Bibliophile Learns Crime—or at Least an Artful Plea—Does Pay

State v. Baker, 2010 VT 109 (mem.).

            Let us, like the SCOV, make this short and sweet.  Defendant was arrested as a result of a prescription drug fueled rampage and faced nine criminal counts that included prescription fraud, obstruction of justice, violation of an abuse prevention order, and burglary.  The last was for stealing a laptop from the Fletcher Free Library with keys he had got hold of when he was employed there. 

            Obviously, he did not spend a lot of time in the mystery section planning the perfect crime.  But he did spend some time in reference learning to parse the logic of written words as the rest of the case demonstrates.

            Following the theft, the Library changed all of its locks at a cost of $620.67.  At trial, the State sought restitution on the burglary charge based on the lock replacement costs.  The State simultaneously negotiated and approved a plea agreement in which Defendant pled guilty to the three counts of prescription fraud in exchange for dismissal of the other charges.  Defendant signed an agreement outlining his probation terms and general restitution for “uninsured losses.”

            Standard language for any plea agreement, but see if you can spot the undistributed middle in the SCOV's syllogistic logic.  Ready? Now, mail your answer to SCOV Law, care of D.P. Richardson.  The answer should be written on the back of a check made out to CASH for $100.  The winner will be picked at random, but all entries will be deposited. 

The answer for those of you that you are playing at home is as follows:

Defendant must pay restitution on all crimes for which he is convicted.
The burglary charge was dismissed.
Therefore, Defendant must pay restitution on the burglary charge.

            Congratulations to Selma Hopkins of Vershire whose answer was not correct but was on the back of a $10,000 dollar bill (that would be former Chief Justice Salmon P. Chase on the front). 

            Well, you can see from this frippery that there simply is not much to discuss.  Trial Court faced with a signed plea agreement that discharged the burglary claim tried to piece together an argument as to why Captain Percocet should repay the good folks who bring us free books.  The SCOV, though, was in no mindset to make such allowance.  The charge was dismissed.  Therefore, the general language of the plea agreement could not wrangle in restitution outside the charges to which Defendant pled guilty.  State failed to include a more specific term, and contracts being contracts, the Defendant gets the benefit of his bargain. 
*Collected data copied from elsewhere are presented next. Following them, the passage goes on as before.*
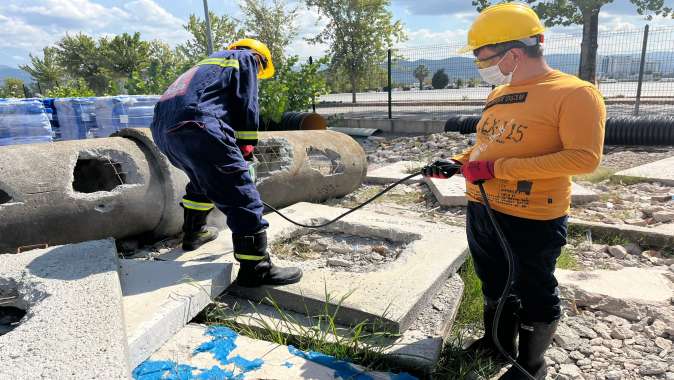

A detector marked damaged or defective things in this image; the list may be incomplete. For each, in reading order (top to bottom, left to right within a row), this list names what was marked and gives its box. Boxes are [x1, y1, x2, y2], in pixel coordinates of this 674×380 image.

broken concrete block [364, 160, 422, 184]
broken concrete block [426, 177, 600, 206]
broken concrete block [612, 157, 672, 186]
broken concrete block [0, 240, 130, 380]
broken concrete block [121, 239, 236, 370]
broken concrete block [135, 324, 414, 380]
broken concrete block [205, 274, 462, 374]
broken concrete block [228, 202, 464, 332]
broken concrete block [552, 268, 672, 320]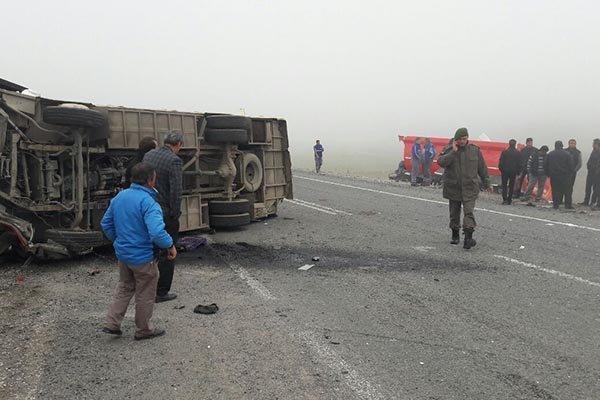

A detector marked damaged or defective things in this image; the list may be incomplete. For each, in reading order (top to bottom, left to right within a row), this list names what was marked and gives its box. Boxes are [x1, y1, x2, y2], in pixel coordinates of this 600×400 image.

damaged vehicle [0, 78, 290, 260]
overturned bus [0, 78, 292, 260]
cracked asphalt [0, 173, 596, 400]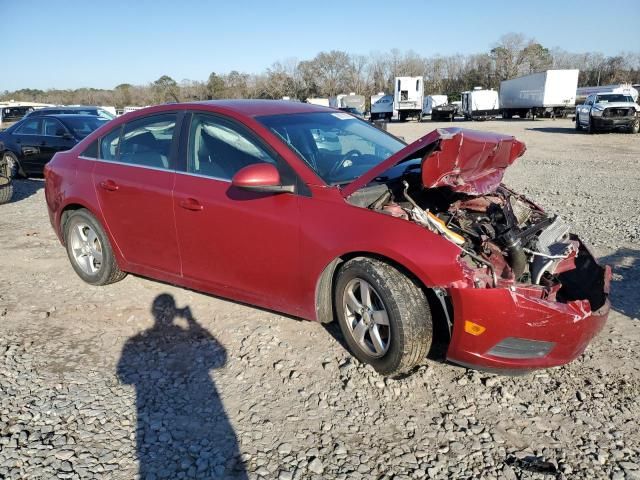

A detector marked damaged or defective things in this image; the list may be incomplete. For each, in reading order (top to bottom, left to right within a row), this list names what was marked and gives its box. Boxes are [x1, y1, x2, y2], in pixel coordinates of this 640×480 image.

damaged red car [43, 101, 608, 376]
crumpled hood [342, 126, 528, 198]
headlight area damage [344, 127, 608, 372]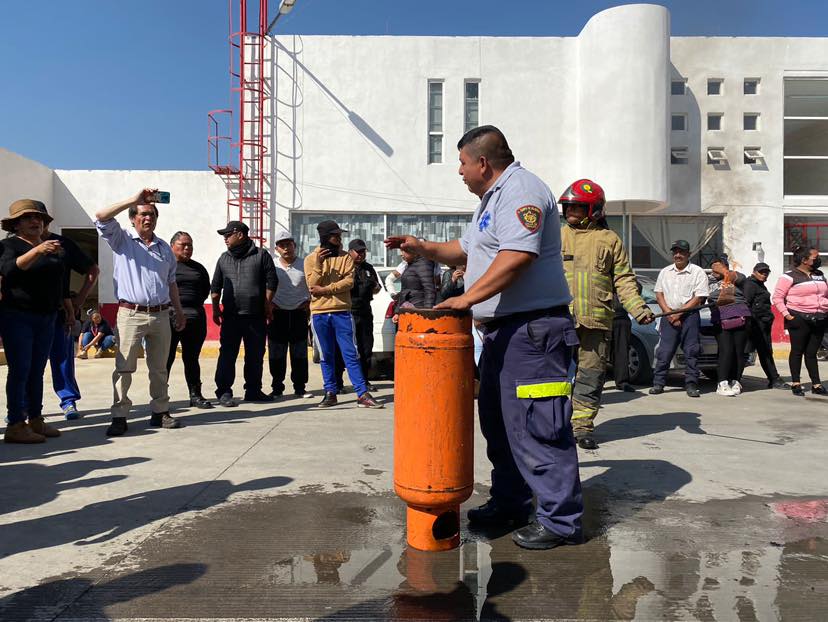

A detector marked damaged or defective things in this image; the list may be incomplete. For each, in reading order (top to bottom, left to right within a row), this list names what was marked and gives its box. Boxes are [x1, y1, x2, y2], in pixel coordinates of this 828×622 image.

rust on cylinder [392, 308, 472, 552]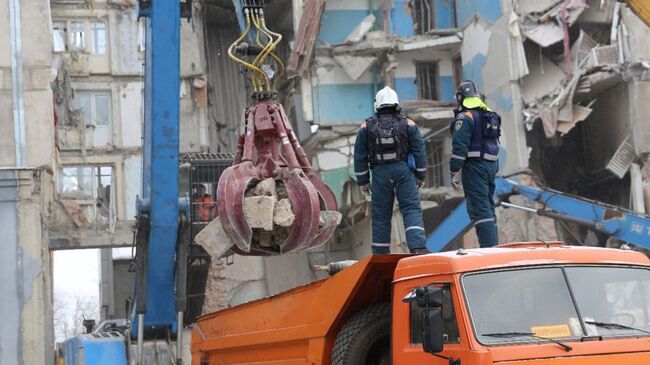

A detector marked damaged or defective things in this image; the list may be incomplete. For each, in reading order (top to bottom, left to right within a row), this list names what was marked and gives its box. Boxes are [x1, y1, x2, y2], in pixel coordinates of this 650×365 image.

broken window [69, 20, 85, 50]
broken window [90, 20, 107, 54]
broken concrete slab [344, 14, 374, 42]
broken window [410, 0, 436, 34]
broken concrete slab [334, 54, 374, 80]
broken window [418, 61, 438, 100]
broken window [74, 91, 112, 146]
broken window [422, 138, 442, 186]
broken concrete slab [242, 195, 274, 229]
broken concrete slab [270, 198, 294, 226]
broken concrete slab [194, 216, 234, 258]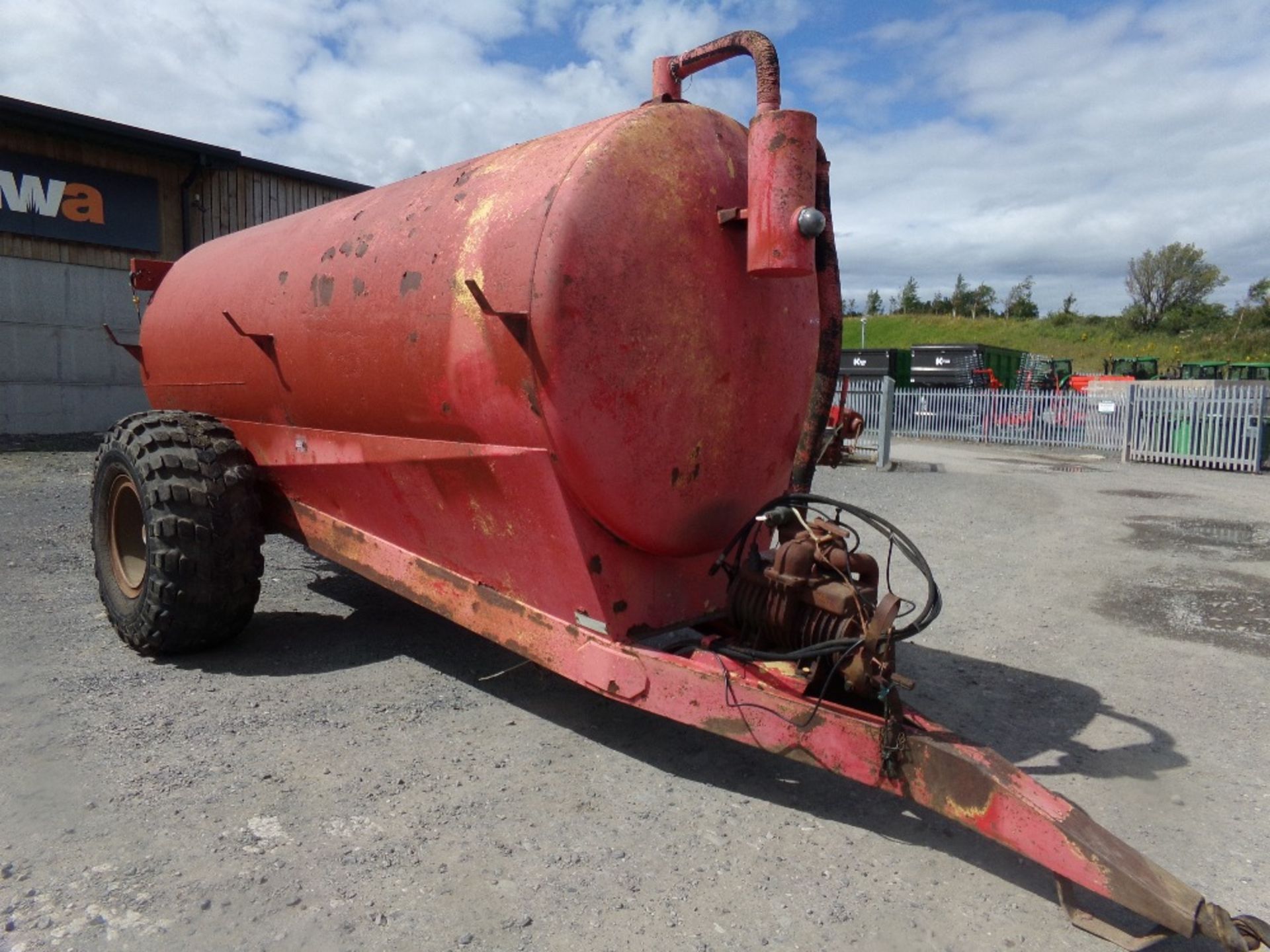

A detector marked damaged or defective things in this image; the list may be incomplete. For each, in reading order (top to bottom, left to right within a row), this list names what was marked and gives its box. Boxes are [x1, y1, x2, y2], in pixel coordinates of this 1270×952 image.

rust patch on tank [312, 274, 337, 307]
rust patch on tank [398, 270, 424, 297]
In the end, the SCOV even dismisses the trial court’s use of impossibility and mutual mistake to read the lock replacement restitution back into the agreement.  In reversing the trial court, the SCOV rules that it does not matter that the remaining charges had no restitution component.  It does not matter that without the lock restitution, the term is meaningless.  Unless, it is a specific or logically connected term, the SCOV will not read a plea agreement broadly against a Defendant who did not have notice of what the State later seeks to impose.  Impossibility and mutual mistake cases, therefore, are to be read against the State.  This makes sense since the State is probably the author of most if not all plea agreements.  In this light, the SCOV decision can be read as a warning to prosecutors: draft carefully because we will not pick up your messes.  Case is reversed and remanded.